§ **RECORDS FOR PROCESSING**
┌──
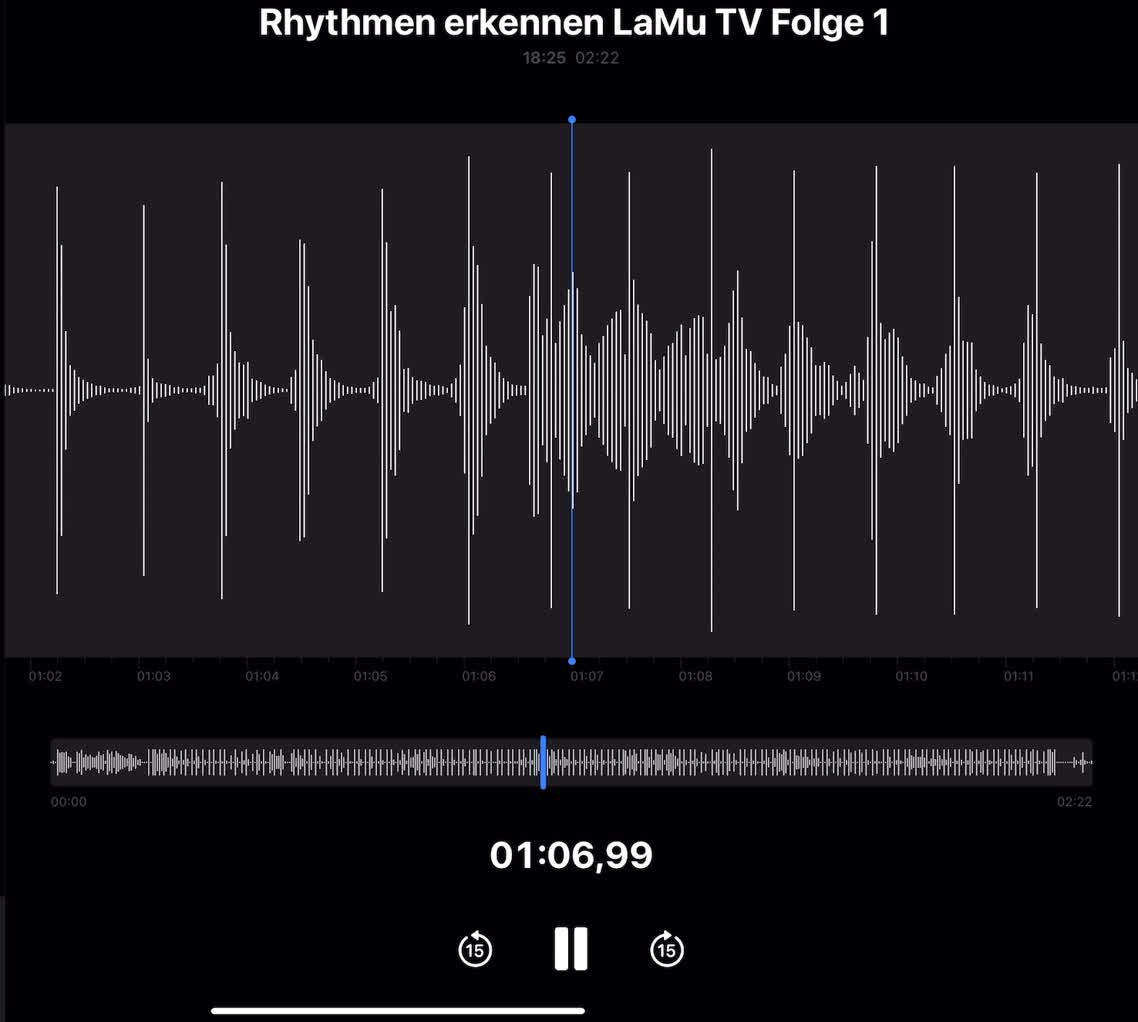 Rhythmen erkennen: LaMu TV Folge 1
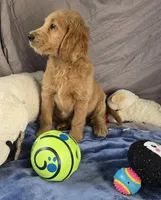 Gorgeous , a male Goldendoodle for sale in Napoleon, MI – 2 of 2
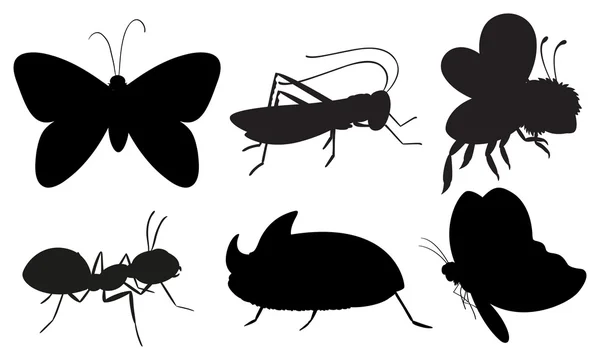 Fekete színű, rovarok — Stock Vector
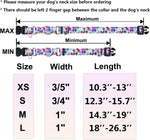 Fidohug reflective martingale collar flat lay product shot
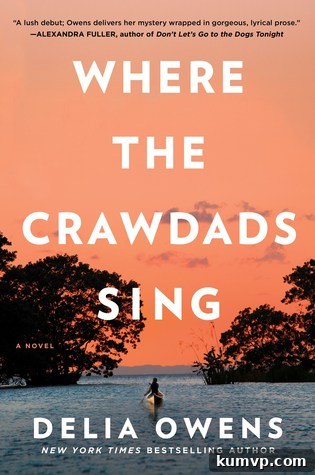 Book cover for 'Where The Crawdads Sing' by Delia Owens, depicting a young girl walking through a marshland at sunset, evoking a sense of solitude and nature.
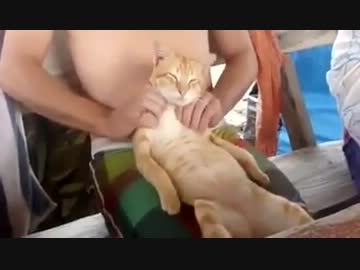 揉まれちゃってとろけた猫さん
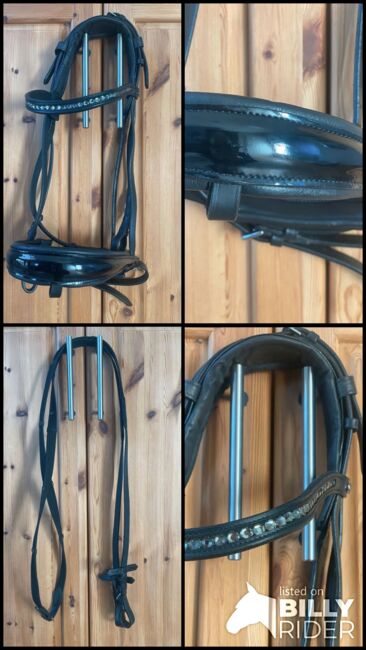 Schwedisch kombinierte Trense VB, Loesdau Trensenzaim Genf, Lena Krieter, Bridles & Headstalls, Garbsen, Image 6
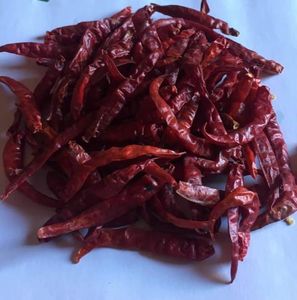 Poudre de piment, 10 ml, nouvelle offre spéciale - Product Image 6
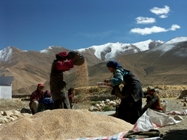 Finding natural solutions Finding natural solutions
└──
Everything from the line that contains "揉まれちゃってとろけた猫さん" through the final line of the material should be returned exactly, except the pictures.

§ **OUTPUT OF THE EXERCISE**
 揉まれちゃってとろけた猫さん
 Schwedisch kombinierte Trense VB, Loesdau Trensenzaim Genf, Lena Krieter, Bridles & Headstalls, Garbsen, Image 6
 Poudre de piment, 10 ml, nouvelle offre spéciale - Product Image 6
 Finding natural solutions Finding natural solutions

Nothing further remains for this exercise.